Rumi was born in the Balkh complex in 1207. The learning site, which comprised a mosque, monastery and madrasa for hundreds of disciples, belonged to his father, the theologian Bahauddin Walad, known by Afghans as Sultan Al-Ulema.
A few years after Rumi’s family left Balkh around 1210, the prosperous town northwest of the provincial capital, Mazar-e Sharif, was destroyed by Genghis Khan’s Mongols storming in from the northeast.
Work to rebuild Balkh took more than a century and the learning site remained in ruins. Centuries later, when billions of dollars of foreign aid began to reach Afghanistan following the ouster of the Taliban in 2001, the Kabul government came under fire for failing to restore Walad’s center.
However, restoration work is now due to begin in spring with the onset of warmer weather.
“It will be rebuilt in a classic and traditional manner,” Shivaye Sharq, Afghan deputy information minister, told Arab News last week.
“With the revival of the monastery, we hope to introduce people to a lost treasure,” he said. “In addition to the monastery, there will be a museum, a studio for sama dance, a cultural salon, garden and library.”

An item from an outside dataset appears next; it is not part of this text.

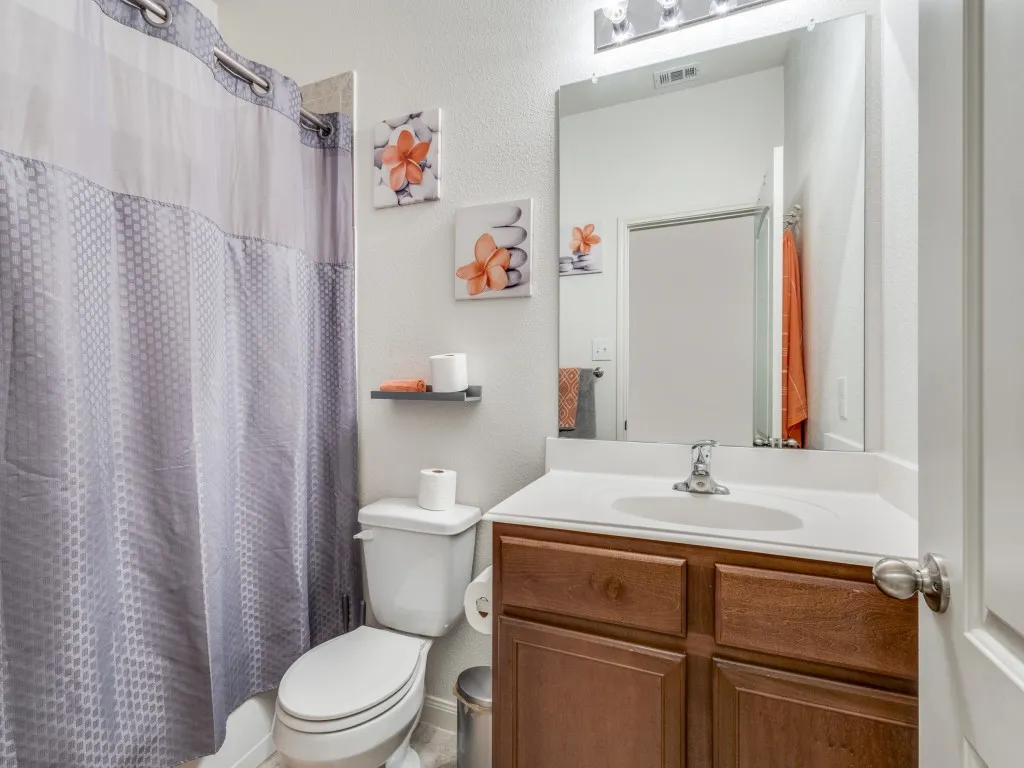 Bathroom featuring a textured wall, vanity, and shower / tub combo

The whirling dance of sama is associated with Rumi, whose followers practice it as a form of prayer and devotion.
Since Rumi lived most of his life in Anatolia, Turkey, and was buried in Konya, where his shrine became a place of pilgrimage, the Turkish government years ago pledged to help rebuild his father’s center, but the promise has not been fulfilled.
Matiullah Karimi, head of the information and culture center in Balkh province, said the $7 million cost of the restoration project will be covered by the Afghan government.
“A portion of a massive mud-built dome and four smaller ones are the only things left from the monastery,” Karimi told Arab News.
“Restoring this monastery is important for safeguarding our cultural heritage and learning, and it will be good for the tourism industry as well,” he said.
For Afghan scholars, the restoration of the learning center will also help society at large.
“The advancement of a nation is not gauged by the rising buildings, long roads and wealth that do not promote knowledge and science, but by libraries, knowledge and centers like Walad’s, which was a source of hope for many,” Hashmatullah Bawar, a social sciences lecturer at Kabul’s Dunya University, told Arab News.
The appeal of Rumi, who in the 21st century is still considered one of the world’s greatest and also bestselling poets, reinforces the enthusiasm over the reconstruction of his father’s center.
“Rumi inherited his mystical thinking from his great father,” Saleh Mohammed Khaliq, head of Balkh Writers’ Union, told Arab News.
“Humanist and mystical thought is badly needed in our current world, which has become a victim of violence and wars.”